As residential and commercial properties witness a slowdown, developers are diversifying by investing in businesses that could fetch good returns ahead, which in turn would spread the risk and build a new class of assets.
For instance, Mumbai-based RNA Corp—so far into residential and commercial development, is venturing into the hospitality business. The company plans to set up three hotels in Mumbai with an investment of Rs 800 crore.
“We want to own new assets which could give us steady income. Residential projects go out of hand when completely sold out,” said Manoj John, vice president (Corporate Planning), RNA Corp. The company is planning to foray into lifestyle resorts and hospitals business too.

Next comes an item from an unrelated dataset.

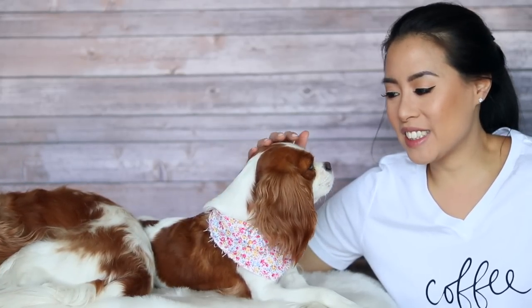Hi everyone! Welcome back to Herky the Cavalier's channel. My name is Mai, this is Herky, this is Milton and welcome! We hope you're all doing super well and today's video is about Herky and Milton's grooming routine. We've had a lot of requests to do this video so I thought I would share all that with you today.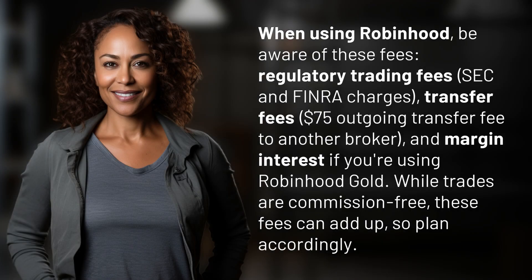When using Robinhood, be aware of these fees: regulatory trading fees, SEC and FINRA charges, transfer fees — including a $75 outgoing transfer fee to another broker — and margin interest if you're using Robinhood Gold.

“We foresee tremendous opportunity in this business. Diversifying is a strategic decision as it would de-risk the business from the real estate cycle,” he said.
Pune’s Sahil group, which has assets worth Rs 500 crore, has been developing residential and hotel projects. It is now venturing into the business of managing hotels by partnering with a leading international hotel chain to run its hotels through management contracts.

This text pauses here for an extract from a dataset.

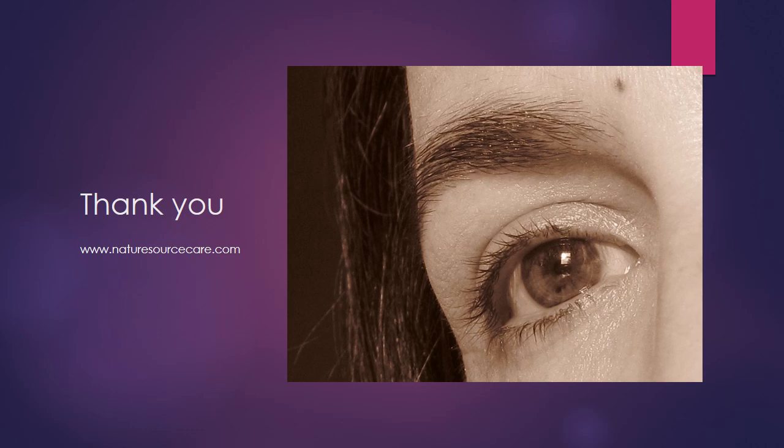So there you have it — marma points around the eye. I hope you found this helpful. When you're working with these points, be very gentle — not just physically, since you don't want to poke around the eyes too much because they're delicate and can be tender, but also because many of these points can help to release deep-seated emotions. So always be kind, compassionate, and gentle when working with these points. Thank you for your time, and until the next one, take care.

“I am convinced that running hotels would be a lucrative business. Many developers are setting up hotels but don’t know how to run them. We will manage the hotels for them for a fee and make money,” Vinay Phadnis, chairman and managing director, Sahil group said adding that there was enormous opportunity in that line of business.
Delhi-based Vatika Group with assets worth Rs 12,000 crore, is already into residential, commercial, hospitality and a couple of restaurants in Gurgaon. It is aggressively rolling out restaurants in six different formats across key locations.